= GIVEN RECORDS =
● ● ● ●

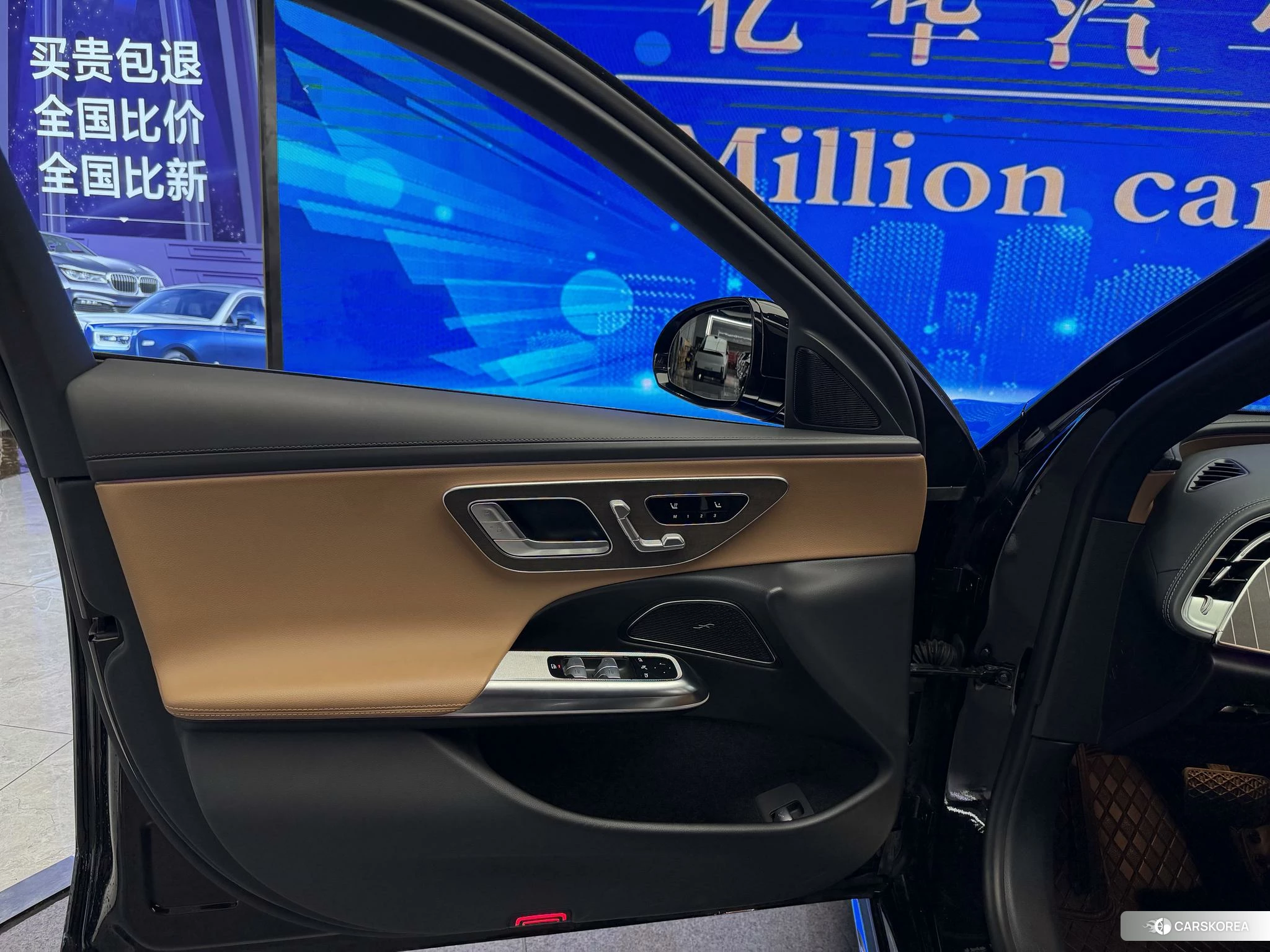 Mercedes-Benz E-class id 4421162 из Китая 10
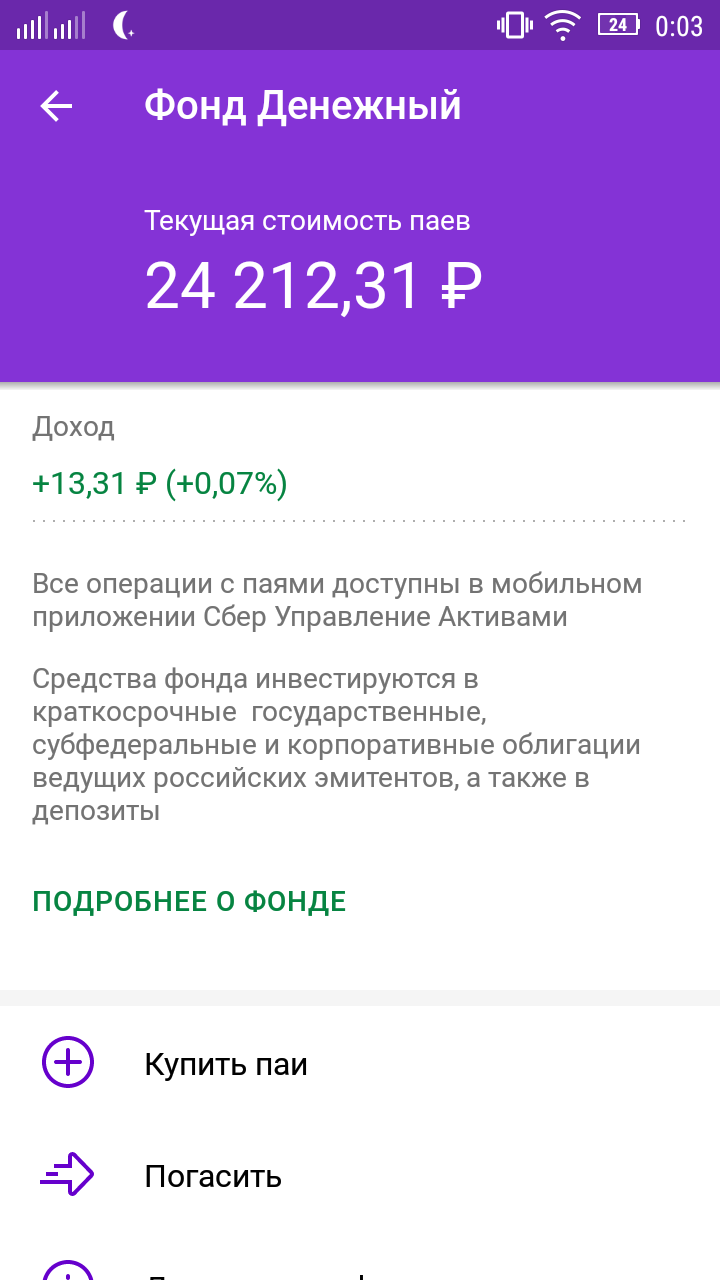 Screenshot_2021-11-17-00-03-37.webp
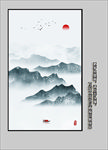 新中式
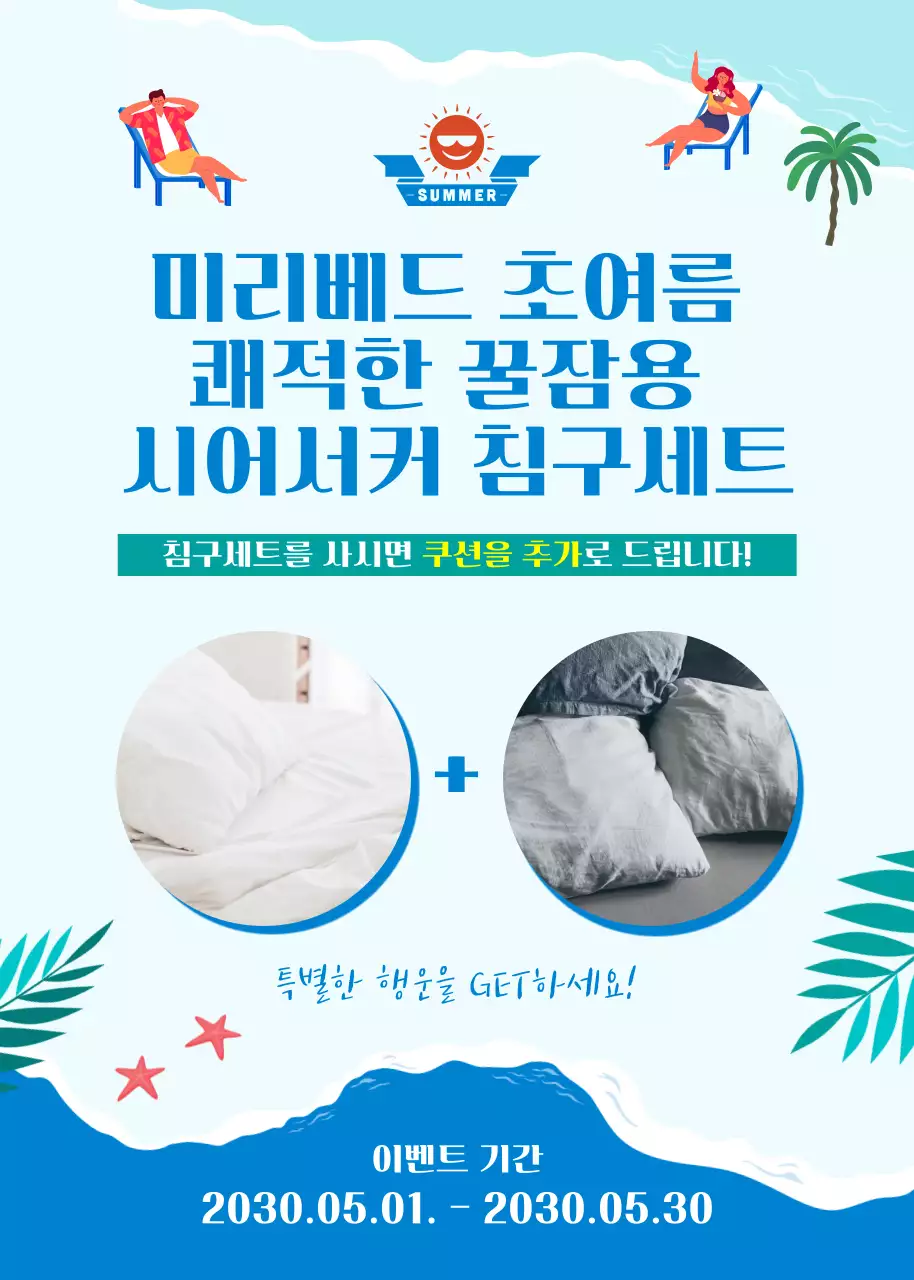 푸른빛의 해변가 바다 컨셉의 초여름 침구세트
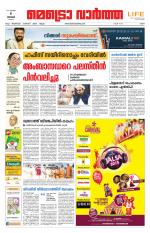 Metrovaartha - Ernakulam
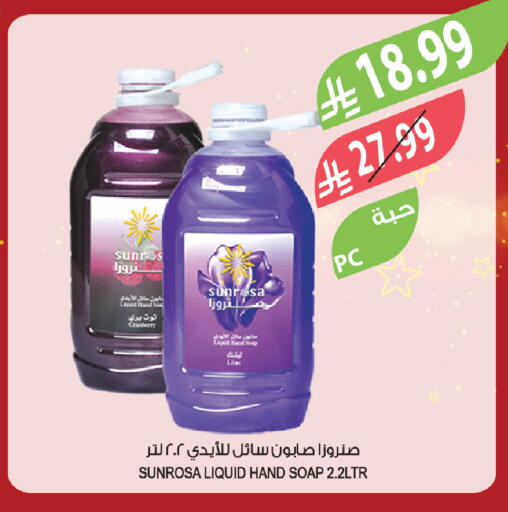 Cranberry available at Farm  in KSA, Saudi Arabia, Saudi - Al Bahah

● ● ● ●

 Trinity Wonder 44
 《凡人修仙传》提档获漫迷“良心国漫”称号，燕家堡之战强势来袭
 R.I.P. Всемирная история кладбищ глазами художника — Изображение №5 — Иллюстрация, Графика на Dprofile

● ● ● ●

= WHAT YOU ARE ASKED TO DO =
Would you give again, exactly, the lines in the data above that run from the line containing "Screenshot_2021-11-17-00-03-37.webp" to the line containing "Cranberry available at"? Include both ends and no pictures.

= FINISHED EXERCISE =
 Screenshot_2021-11-17-00-03-37.webp
 新中式
 푸른빛의 해변가 바다 컨셉의 초여름 침구세트
 Metrovaartha - Ernakulam
 Cranberry available at Farm  in KSA, Saudi Arabia, Saudi - Al Bahah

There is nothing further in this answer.